Die Sicherheitenquote gibt den Anteil des Rückkaufswertes an der Investitionssumme an. Je höher die Sicherheitenquote, desto schneller wird der Rückkaufswert die Investitionssumme übersteigen und ermöglichen, dass auch bei vorzeitiger Kündigung eine positive Rendite erzielt wird.
Für konservative Anleger ist die garantierte Ablaufleistung entscheidend. Eine hohe Sicherheitenquote (also eine niedrige Differenz der Investitionssumme zum Rückkaufswert) ist vor allem wichtig, falls eine Police vorzeitig beendet werden könnte, da in diesem Fall nur der Rückkaufswert realisiert wird. Wer sich sicher ist, die Police bis Ablauf durchzuhalten, kann sich statt an garantierter Ablaufleistung und Sicherheitenquote stärker an der prognostizierten Rendite orientieren.
Ja, beitragspflichtige Policen können jederzeit beitragsfrei gestellt werden. In der Regel sinkt dabei die zu erwartende Rendite nach Beitragsfreistellung geringfügig. Im Handelsbestand der Policen Direkt-Gruppe gibt es daher zahlreiche Policen, die ab Kauf ohne Beitragszahlungen auskommen.
Policen Direkt ist Mitglied im Bundesverband für Vermögensanlagen im Zweitmarkt Lebensversicherungen (BVZL) und hat sich daher den Qualitätskriterien des BVZL verpflichtet, die dem Anleger- und Verbraucherschutz dienen. Daher stellt Policen Direkt sicher, dass die berechtigten Interessen der früheren Versicherungsnehmer und versicherten Personen auch nach dem Verkauf an private Investoren geschützt bleiben: Zum Schutz der persönlichen Daten der Versicherungsnehmer und der versicherten Personen verwaltet Policen Direkt alle Policen treuhänderisch bis zu ihrer Fälligkeit. Private Investoren erhalten anonymisierte Abschriften. Solange die Police in ungekündigter Form besteht, hält Policen Direkt Versicherungsnehmern außerdem den Anspruch auf einen Rest-Todesfallschutz gemäß AGB aufrecht. Zur Sicherung dieses Anspruchs hält Policen Direkt als Treuhänder eine anteilige Bezugsberechtigung im Todesfall.

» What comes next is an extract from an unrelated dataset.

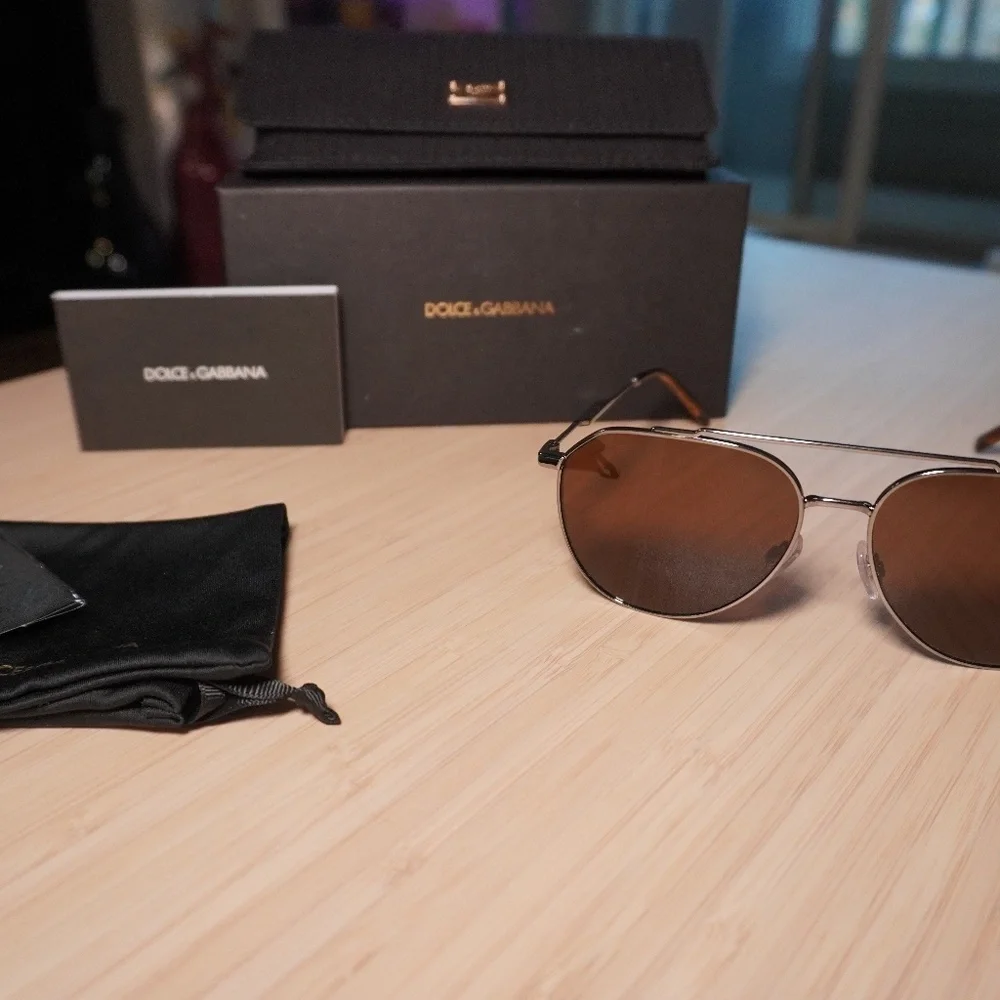 Dolce & Gabbana DG2296 silver and brown aviators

Veräußert ein Versicherungsnehmer seine Police über Policen Direkt, wird ihm die Leistung eines Rest-Todesfallschutzes zugesagt. Um diesen decken zu können, verbleibt beim Erwerb der Police durch einen Investor ein Anteil des Auszahlungsbetrages im Todesfall bei dem Verkäufer. Stirbt die versicherte Person, erhält der Investor in jedem Fall seine Investitionssumme ausgezahlt, wobei diese mit 4,00% p.a. gemäß AGB verzinst wird (maximal jedoch die Todesfallleistung der Versicherung). Die Differenz zwischen der Auszahlung der Versicherung und den verzinsten Investitionskosten wird an die Erben des ursprünglichen Versicherungsnehmers geleistet.